Quanto vale un selfie? Quanto vale il brivido di un’azione pericolosa che può far crescere i consensi sui nostri profili social?
Ce lo siamo chiesti più volte, se ne è parlato e scritto, si è studiato il comportamento, proveniente soprattutto da adolescenti, che razionalmente giudichiamo sconsiderato.
Fabio Rovazzi, il 7 maggio scorso, ha indossato i panni de Le Iene, noto programma televisivo, e ha seguito la coppia russa formata da Angela Nikolau e Ivan Kuznetsov, professionisti che sfidano almeno una volta al mese le altezze, per scattare “selfie estremi”, fenomeno sempre più pericoloso e dilagante tra i giovani di tutto il mondo.
Ma non c’è bisogno di arrivare fino in Russia, questo è un fenomeno che colpisce anche i nostri ragazzi italiani, campani, napoletani. Possono essere i nostri vicini di casa, i compagni di banco di nostro figlio o magari proprio i nostri figli.
Due anni fa, c’era stato il caso dei cinque ragazzini che avevano sfidato la morte sul tetto dei Molini Marzoli, a Torre del Greco; lo scorso 19 aprile, una diciannovenne ucraina aveva rischiato la vita per un selfie sul campanile del Santuario di Pompei.
Questa notte la storia si è ripetuta. I protagonisti di questo ennesimo caso di moda assurda sono due sedicenni napoletani. I due ragazzini si sono arrampicati su una recinzione per scattarsi un selfie e dopo aver perso l’equilibrio, sono finiti al di sotto del muro scavalcato, precipitando da un’altezza di 5 metri.
L’episodio si è verificato in via Nazionale delle Puglie, a Ponticelli, nei pressi del parcheggio di un supermercato dove i due minori si stavano scattando delle foto pubblicandole sui social.

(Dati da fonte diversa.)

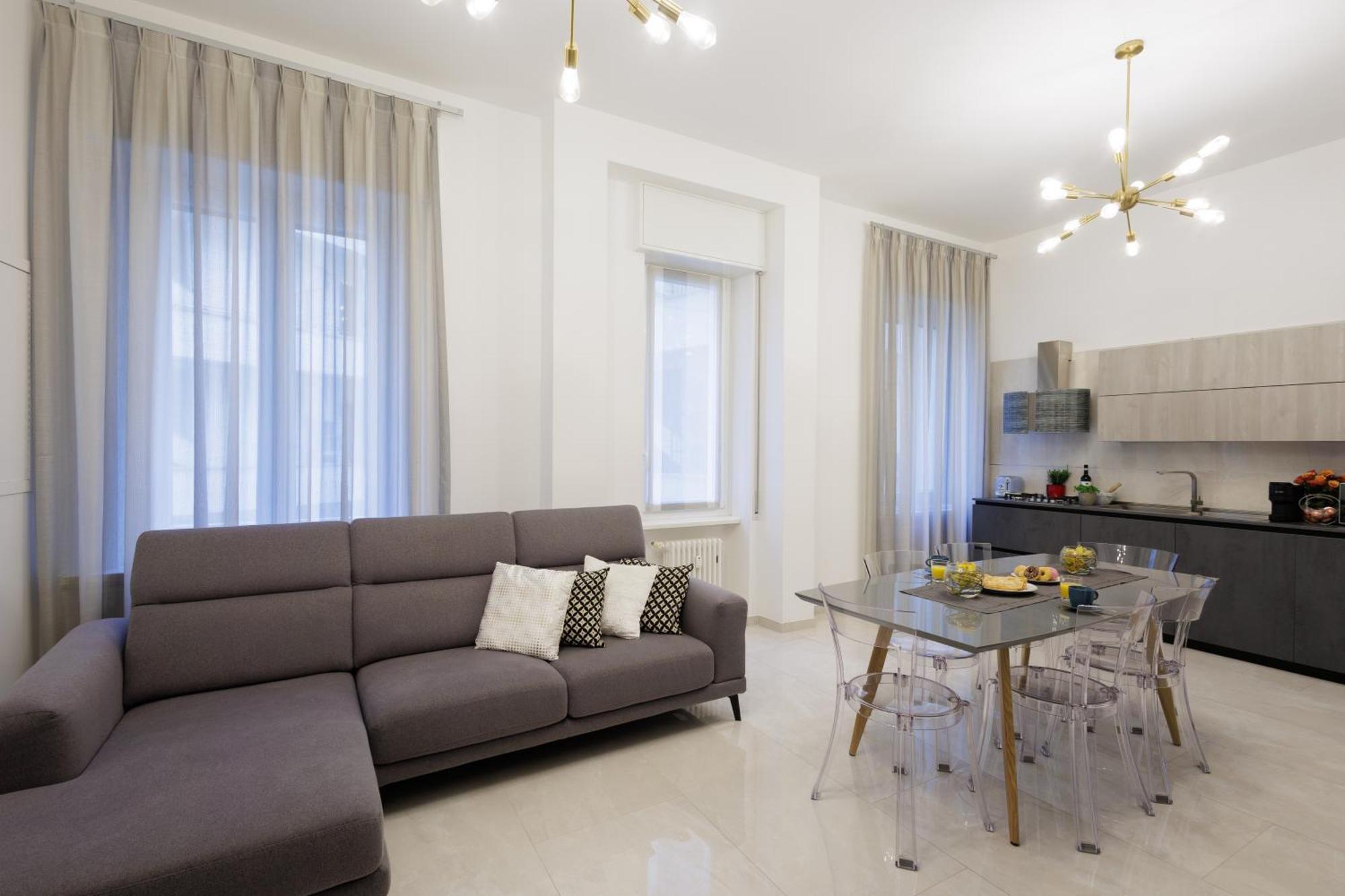 Genoa Lux Apartments With Parking Exterior photo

C’è stato l’intervento di due ambulanze del 118, con la postazione “Miano” e “Aeroporto” “che hanno soccorso i minori, entrambi feriti in modo lieve nonostante l’altezza da cui erano precipitati. Delle siepi al di sotto della recinzione, che hanno attutito la caduta, sono state la loro salvezza.
Nonostante il “lieto fine” della vicenda, dovremmo tutti noi interrogarci su queste azioni e magari parlarne di più nelle scuole, all’interno dei nuclei familiari o in qualsiasi ambiente socio-educativo, perché forse solo il dialogo può evitare che si cada nell’assurdità di un gesto pericolosissimo e senza un minimo di logica.